The Trump administration is investigating 13 states that require employers to cover abortion in their insurance plans, saying that those mandates violate federal conscience rights protections found in the Weldon Amendment.
The Weldon Amendment bars states from discriminating against health insurers that don’t provide, cover, or refer for abortion. The Biden administration chose to interpret the amendment’s meaning almost exactly the opposite of what the text says. Biden’s Department of Justice said the employers and health care plan sponsors were excluded from Weldon amendment protections.
“Today’s announcement advances an Administration promise, corrects misguided legal interpretations of laws that OCR [Office of Civil Rights] enforces, and builds on HHS’ recent efforts to enforce conscience rights and protect human life,” Health and Human Services (HHS) said.
The HHS civil rights office initiated the investigations “to address certain states’ alleged disregard of, or confusion about, compliance with the Weldon Amendment,” office Director Paula M. Stannard said in a statement.
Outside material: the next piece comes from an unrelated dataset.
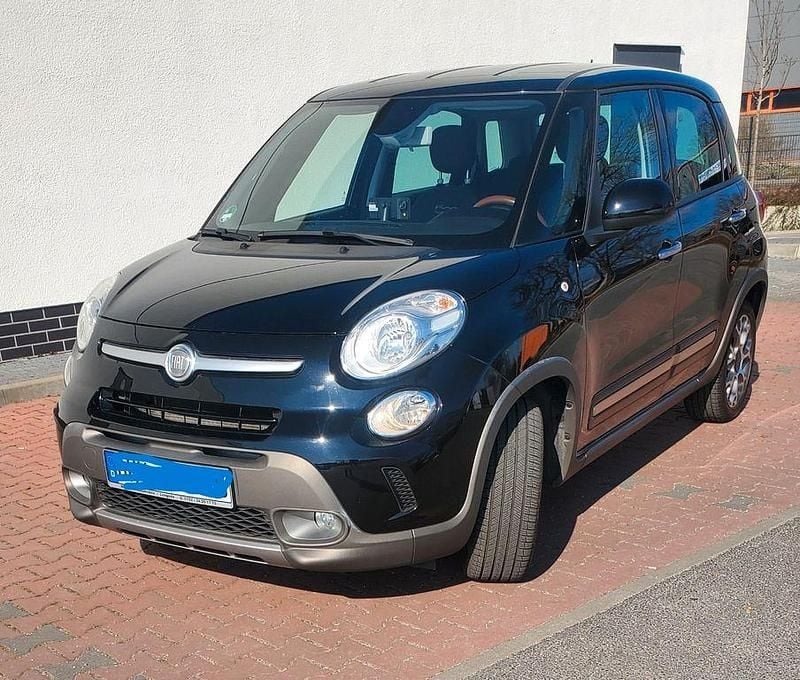Schwarz Gebraucht 2017 Fiat 500L Trekking Van / Kleinbus | 9.880 € (Fairer Preis) - Bild 1/4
“Under the Weldon Amendment, health care entities, such as health insurance issuers and health plans, are protected from state discrimination for not paying for, or providing coverage of, abortion contrary to conscience. Period,” Stannard said.
Indeed, it’s rare that the plain language of a law would be subject to such contortions of legal logic as to ignore the straightforward intent and purpose of the amendment.
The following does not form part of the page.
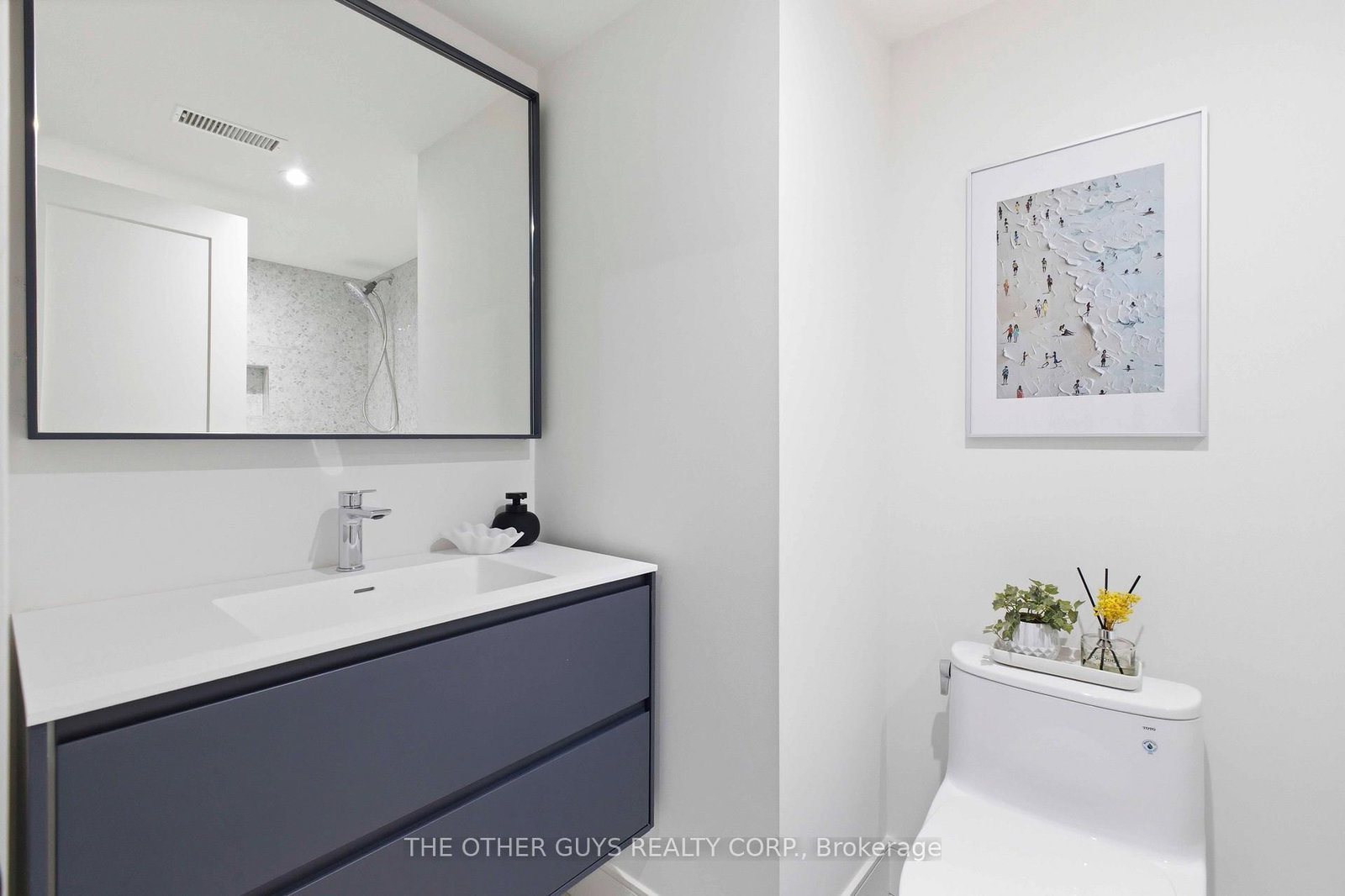 9R Clintwood Gate • #18 • Toronto, ON photo 21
In 2021, the Biden administration withdrew a 2020 Notice of Violation against California. The Trump administration had previously moved to withhold $200 million in Medicaid funding because California required insurance plans to cover abortion. Biden’s HHS argued that the insurance companies involved did not actually have conscience objections, thus “interpreting away” the violation.
Incredible.
The Trump administration will seek to withhold billions of dollars in Medicaid funding from states that refuse to comply with the law.
The Weldon Amendment is one of a series of provisions known as conscience laws, which provide legal protections for individuals and health care entities that choose not to provide abortions or other types of care because of religious or moral objections.
In the years since it was enacted in 2005, there’s been a “partisan swing” in how broadly or narrowly it is interpreted depending on which party is in office, according to Mary Ziegler, a law professor at the University of California, Davis.
Ziegler said the fact that employers and plan sponsors are not mentioned among health care entities in the text of the Weldon Amendment could give Democrats an edge with their interpretation, but the question has yet to be resolved in court.
The states with the coverage requirements are California, Colorado, Delaware, Illinois, Maine, Maryland, Massachusetts, Minnesota, New Jersey, New York, Oregon, Vermont, and Washington. All except Vermont have Democratic governors.
New Jersey Gov. Mikie Sherrill vigorously defended her state’s interpretation of the amendment. “New Jersey requires health insurance plans to follow all applicable laws, including protecting women’s reproductive freedom. So Donald Trump’s latest ‘investigation’ is nothing but a fishing expedition wasting taxpayers’ money,” she said.
Gov. Maura Healey defended Massachusetts’ Shield Law, which her office said “is intended to ensure that every woman can afford the essential reproductive health care they need.”
“This is the latest effort by President Trump and Secretary Kennedy to take away women’s reproductive rights,” Healey said in a statement. “In Massachusetts, we’re focused on making sure everyone can access and afford the health care services they need, including abortion care. We’re not going to be intimidated by this investigation, and we are going to continue protecting women’s access to reproductive health care.”
The problem with interpreting the Weldon Amendment is the lack of a clear, legal definition of what constitutes discrimination under the law. This has led to varying interpretations by different presidential administrations and will probably continue to be a point of contention as long as there is no definitive ruling from the Supreme Court.